Side Orders #4: The Music Edition


I've been fooling around on playlist.com all day making a new set of tunes for my facebook page. My playlists are also a new feature on filmicability; just scroll down the sidebar a bit and you'll see the playlist box ! Honestly, I'm almost as much of a music junkie as I am a movie nut, so be sure that it's a collection worth listening to: it's quite diverse, once you plumb its depths. There's something for everybody there! And so, needless to say, as a result of my playlisting, I'm in a massively tuneful mood today, so for this edition of SIDE ORDERS, I'm highlighting some of my favorite musical scenes in movies, coincidentally all commanded or supported by great female actors.

My first choice is a rather unusual one. TV producer Bruce Paltrow, husband of actress Blythe Danner and father of the lovely Gwyneth, made only his second feature film in 2000 with the kareoke-based comedy-drama-musical Duets.
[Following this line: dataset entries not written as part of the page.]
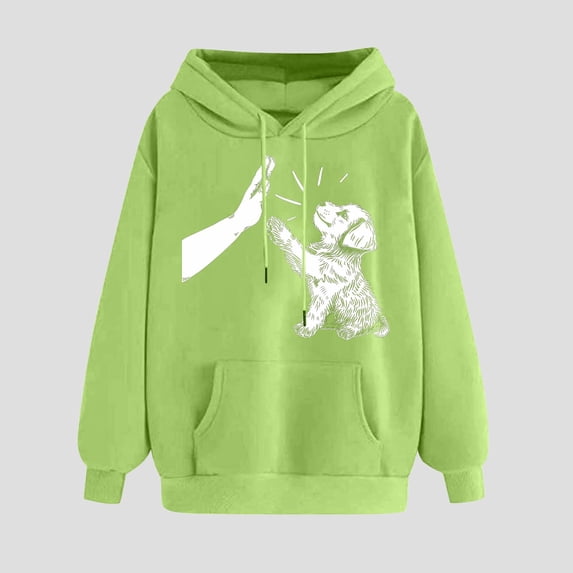 Dasayo Oversized Women Sweatshirts Hoodie Green Long Sleeve Funny Graphic Drawstring Pocket Hoodies Women's T-Shirts XL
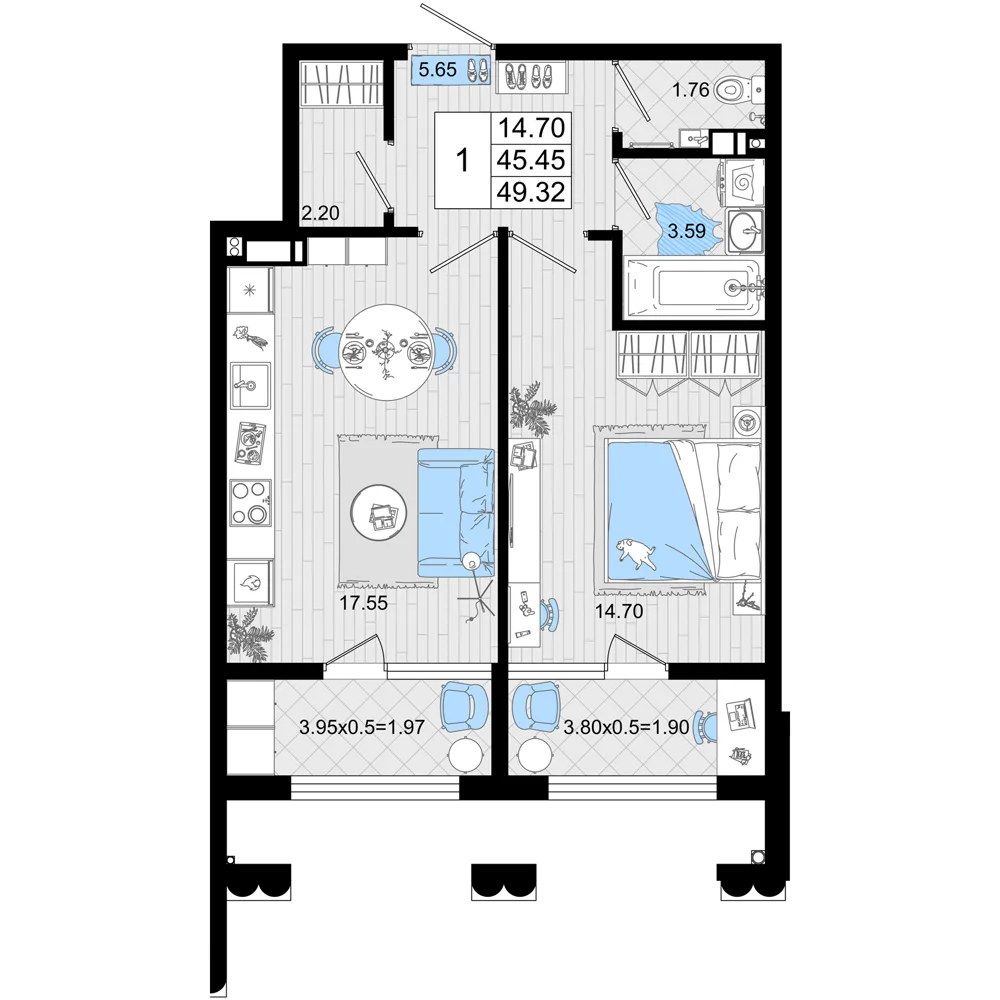 1-комнатная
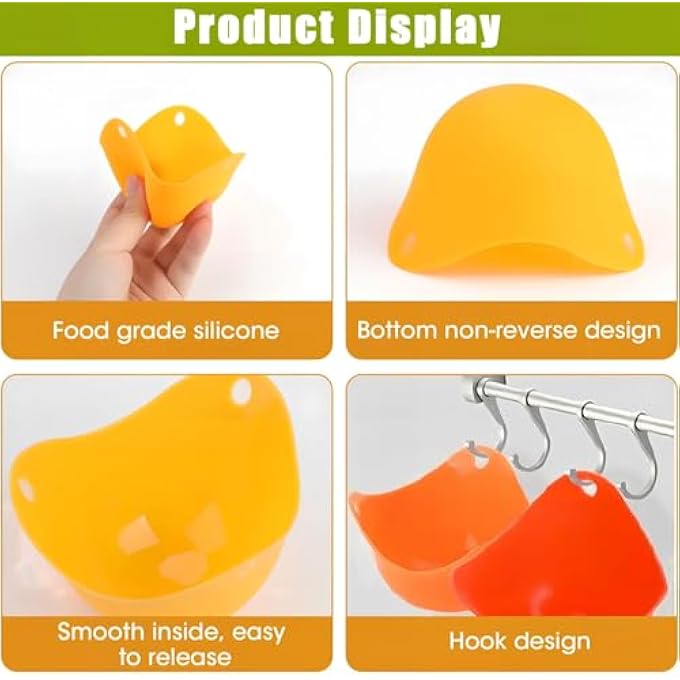 إكسفور 4 عبوات من سيليكون لصائد البيض للقلاية الهوائية، فرن على الموقد، أكواب بيض غير لاصقة قابلة لإعادة الاستخدام خالية من BPA لوجبة إفطار صحية، سهلة التنظيف، مثالية للبيض على البخار، أو للسلخ أو الخبز - Image 5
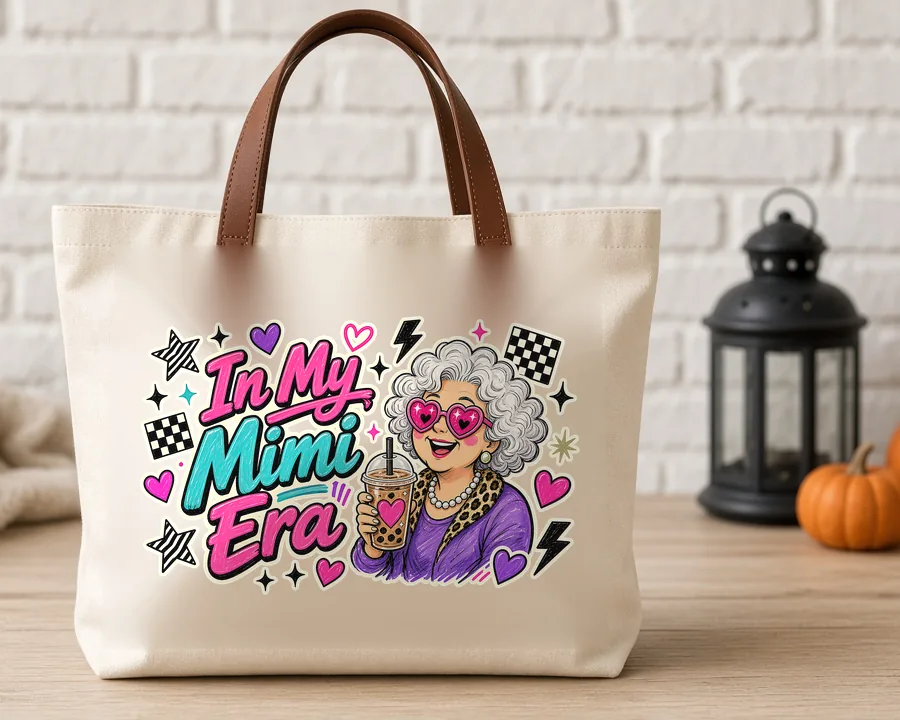 In My Mimi Era PNG design on a canvas tote bag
Now, a whole movie about kareoke competitors sounds goofy, I know, but I checked it out anyway, mainly because its cast was so fine: Gwyneth is in it, natch, but so is Huey Lewis (a really effective actor, I might add), Paul Giamatti (who spiritedly sings Otis Redding's "Try A Little Tenderness"), Maria Bello, Scott Speedman, Andre Braugher (who performs a surprising a capella number I won't reveal here) and, in smaller roles, Angie Dickinson and Maya Rudolph. Boy, was I surprised by this movie. It's a little slight and even dumb sometimes, but it always has its heart in the right place, and it really gets the excitement of kareoke down. I'm an avid kareoke performer, so I should know. You can feel your heart racing along with our heroes as the track gears up and they sidle up to the mike. There's lots more going on in Duets than you might think, but I won't get into plotlines; just see it on a lazy Sunday afternoon and don't demand too much of it, and you won't be disappointed.
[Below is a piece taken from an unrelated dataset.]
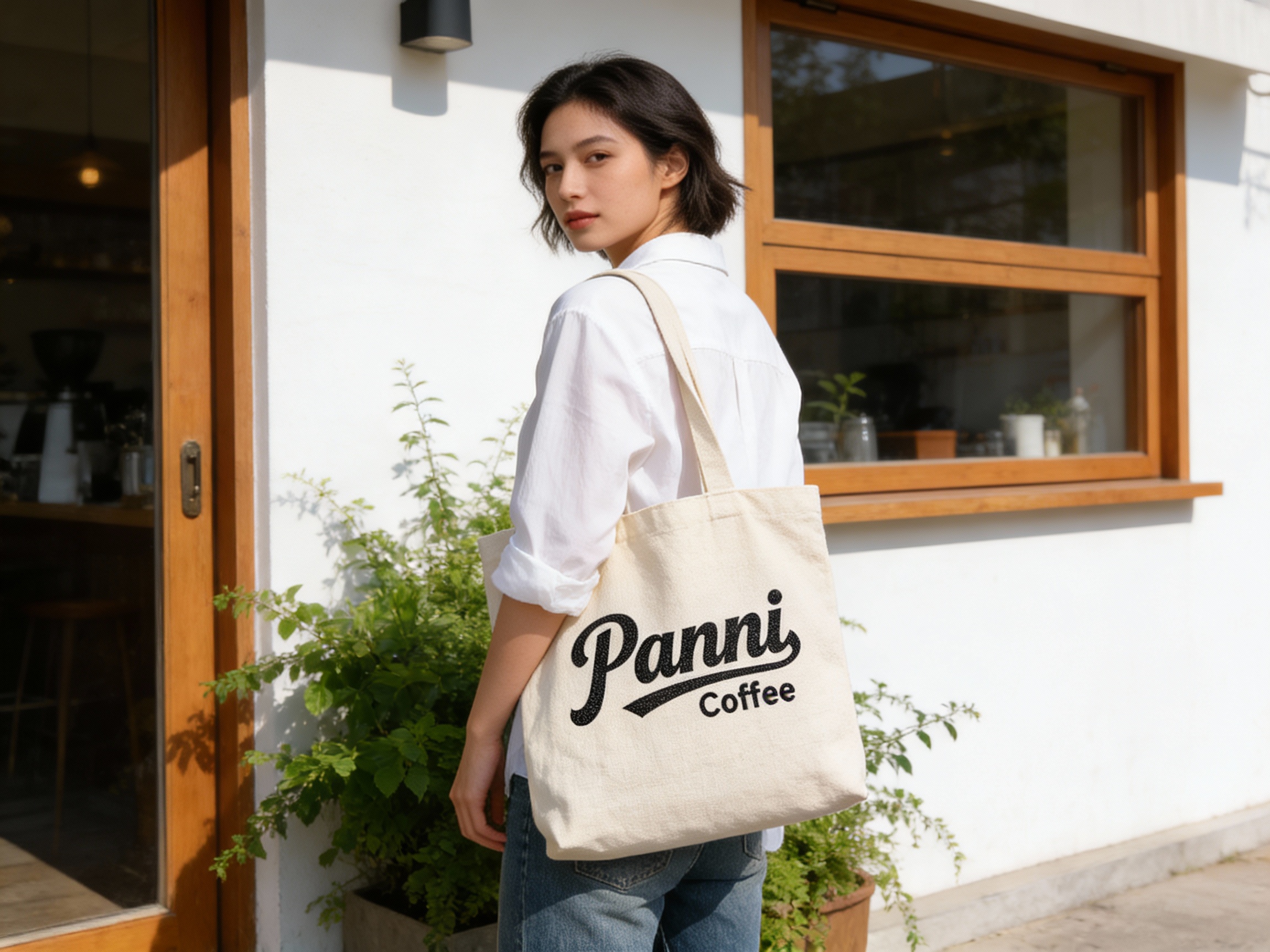 模特时尚街拍风格。一位穿着简约白色衬衫和牛仔裤的模特，肩背米色帆布袋，袋子上印有清晰的（智能提取参考图中的LOGO主体并去除原背景，融入帆布纹理）。她站在咖啡店门口的绿植旁，自然回眸。背景是白墙和木窗，阳光明媚，光感真实，突出品牌周边的时尚搭配感。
I especially found touching the strained-but-softening relationship between kareoke conman Lewis and his estranged daughter Paltrow. She's longing for a relationship with her long-wandering father, and he doesn't want any of it, until he finallly comes around in this scene where he invites her up to sing with him. Paltrow's jittery happiness here is palpable, probably because she was so pleased to do this one film with her own father behind the camera. Because of this, I think her performance in this scene is very fetching; she looks so happy that she's gonna cry, and that make me tear up a bit. Vivid is the father/daughter interplay between these two singers performing together for the first time, as each gets intimate with the other's specific vocal inflections (I love how Lewis and Paltrow wordlessly communicate with their eyes, microphones, and hand gestures.) It's a bittersweet scene, too, because Bruce Paltrow sadly passed away soon after the release of Duets, a loss that notoriously and, of course, understandably left Gwyneth devastated. Lewis and Paltrow has a top 40 hit with this version of Smokey Robinson's 80s hit "Crusin'" but I think the version recorded for the movie is better. All around, this is a sublime moment in a charming little flick.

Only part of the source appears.